É interessante notare, come evidenziato dallo scrittore Charles Stross, che in circa la metà dei film che passano il test le donne parlano di matrimonio o di bambini, mentre tra le opere che non superano tale test ne figurano numerose che trattano di donne, sono rivolte alle donne o, ancora, hanno personaggi femminili in ruoli importanti come per esempio la serie televisiva Sex and the City.
Perché allora risulta così difficile superare un test così apparentemente minimale? Tra i possibili fattori sono stati suggeriti quello della scarsa presenza di registe donne (fenomeno chiamato soffitto di celluloide), nonché la presunta convinzione che il pubblico non gradisca film che hanno donne forti come protagoniste.
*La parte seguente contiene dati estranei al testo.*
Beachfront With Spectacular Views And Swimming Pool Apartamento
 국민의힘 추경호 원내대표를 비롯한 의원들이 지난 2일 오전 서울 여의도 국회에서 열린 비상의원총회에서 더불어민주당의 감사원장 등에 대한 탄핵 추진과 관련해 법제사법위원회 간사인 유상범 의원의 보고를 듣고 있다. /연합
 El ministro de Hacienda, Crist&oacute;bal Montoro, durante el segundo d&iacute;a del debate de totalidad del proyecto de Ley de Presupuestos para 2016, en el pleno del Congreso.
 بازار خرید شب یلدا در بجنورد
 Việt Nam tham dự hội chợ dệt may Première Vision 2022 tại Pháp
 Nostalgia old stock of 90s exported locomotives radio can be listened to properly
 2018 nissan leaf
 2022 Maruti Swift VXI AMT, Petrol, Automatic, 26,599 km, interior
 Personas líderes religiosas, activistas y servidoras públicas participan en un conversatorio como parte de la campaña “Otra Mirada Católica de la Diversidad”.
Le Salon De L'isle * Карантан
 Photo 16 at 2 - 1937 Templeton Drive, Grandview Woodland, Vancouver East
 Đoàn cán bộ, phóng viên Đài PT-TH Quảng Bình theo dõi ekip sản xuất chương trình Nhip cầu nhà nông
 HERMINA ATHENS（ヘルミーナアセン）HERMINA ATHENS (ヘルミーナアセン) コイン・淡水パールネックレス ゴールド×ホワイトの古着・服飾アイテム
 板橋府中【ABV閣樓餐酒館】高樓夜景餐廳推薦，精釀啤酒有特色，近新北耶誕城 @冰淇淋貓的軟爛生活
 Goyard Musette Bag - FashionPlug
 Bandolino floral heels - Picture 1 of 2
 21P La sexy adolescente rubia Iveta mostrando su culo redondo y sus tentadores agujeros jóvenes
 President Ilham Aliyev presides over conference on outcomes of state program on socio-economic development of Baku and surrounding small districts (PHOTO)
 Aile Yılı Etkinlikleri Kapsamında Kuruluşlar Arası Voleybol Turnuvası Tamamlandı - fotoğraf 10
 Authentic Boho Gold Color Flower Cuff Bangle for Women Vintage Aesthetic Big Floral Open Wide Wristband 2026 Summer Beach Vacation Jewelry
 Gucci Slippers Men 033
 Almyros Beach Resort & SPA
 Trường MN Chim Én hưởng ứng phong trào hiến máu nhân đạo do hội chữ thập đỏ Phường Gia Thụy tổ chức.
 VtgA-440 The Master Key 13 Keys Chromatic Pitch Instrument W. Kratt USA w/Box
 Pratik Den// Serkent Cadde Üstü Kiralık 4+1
Il produttore cinematografico Michael Shamberg affermò al riguardo che «è più facile che le donne vadano a vedere un “film di uomini” che non gli uomini facciano lo stesso con un “film di donne”»
I film che superano il test
Esistono diversi titoli, tuttavia, che superano il test di Bechdel e non è un caso che la maggior parte dei titoli in questione non siano stati scritti da maschi etero cisgender. Tra i titoli che superano il test figurano Thelma e Louise, Piccole Donne, Barbie, Tutto su mia madre, La vita di Adele. Questi sono solo alcuni degli esempi di film che hanno aperto le porte a ruoli femminili potenti e fortemente centrali, in cui le donne hanno finalmente smesso di avere una funzione accessoria per diventare esse stesse le protagoniste, esprimendo nuovi punti di vista e visioni.